Selon Le Monde, en 2019, il gérait 864 établissements ; aujourd’hui, ce nombre est tombé à 793, selon le cabinet MKG. Face à un marché dominé par Accor, Louvre Hôtels mise sur une stratégie de rénovation et de modernisation pour regagner du terrain.

Une transformation en profondeur

Le plan de rénovation vise à moderniser l’image vieillissante des hôtels, notamment en abandonnant le célèbre « vert Shrek » des Campanile. Le groupe introduit également de nouveaux modèles managériaux, comme la gérance-mandat, un système qui confie la gestion des établissements à des entrepreneurs indépendants.

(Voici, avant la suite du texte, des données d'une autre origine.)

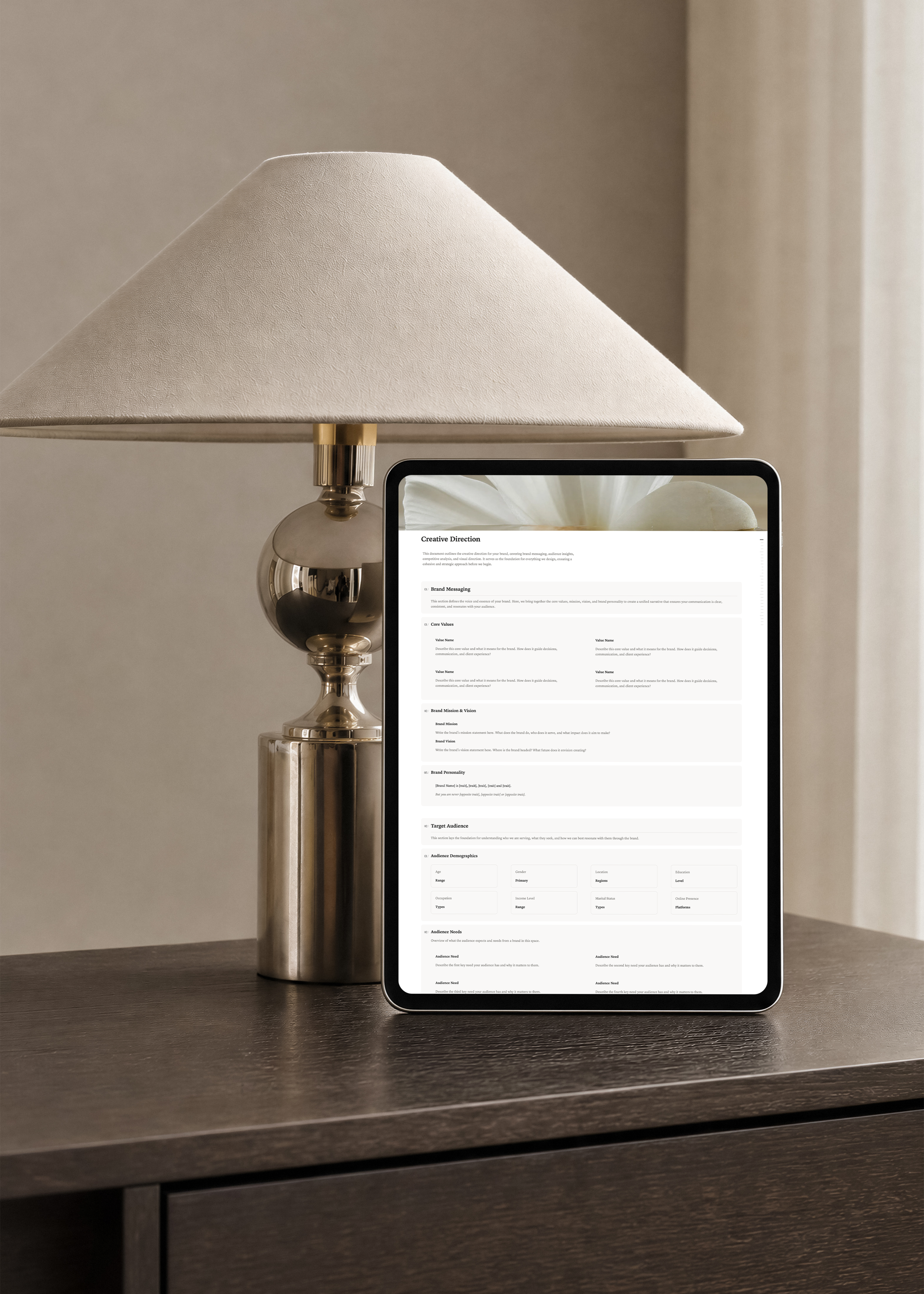 Notion client portal Creative Direction page on an iPad, showing brand messaging, core values and target audience sections beside a brass table lamp.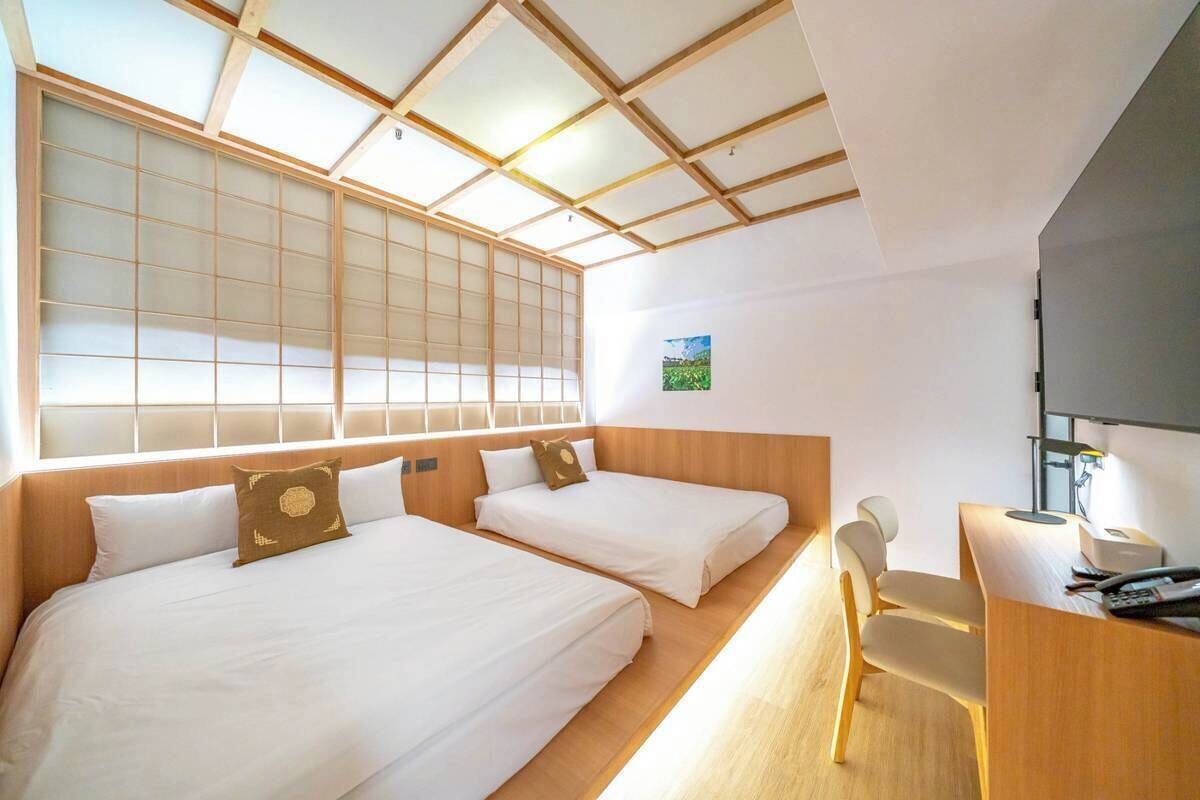 Een hotelkamer met twee bedden, een bureau en een stoel.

Cette approche, bien que contestée, est perçue comme un moyen de dynamiser l’offre et de responsabiliser les gestionnaires.

Un représentant du groupe souligne :

« Nous voulons insuffler une nouvelle énergie à nos marques historiques en les adaptant aux attentes contemporaines des clients. »

Cette déclaration reflète la volonté de Louvre Hôtels de se repositionner sur le marché en misant sur l’innovation et la flexibilité.

Des défis à surmonter

Malgré ces initiatives, le groupe doit faire face à plusieurs défis. La concurrence accrue, les évolutions des attentes des consommateurs et les critiques sur le modèle de gérance-mandat sont autant d’obstacles à surmonter. De plus, la dépendance à l’égard du marché chinois, notamment en termes de financement et de stratégie, pourrait limiter la marge de manœuvre du groupe en France.

En somme, Louvre Hôtels entreprend une transformation ambitieuse pour retrouver sa place sur le devant de la scène hôtelière française. Le succès de cette stratégie dépendra de sa capacité à innover tout en répondant aux attentes d’une clientèle de plus en plus exigeante.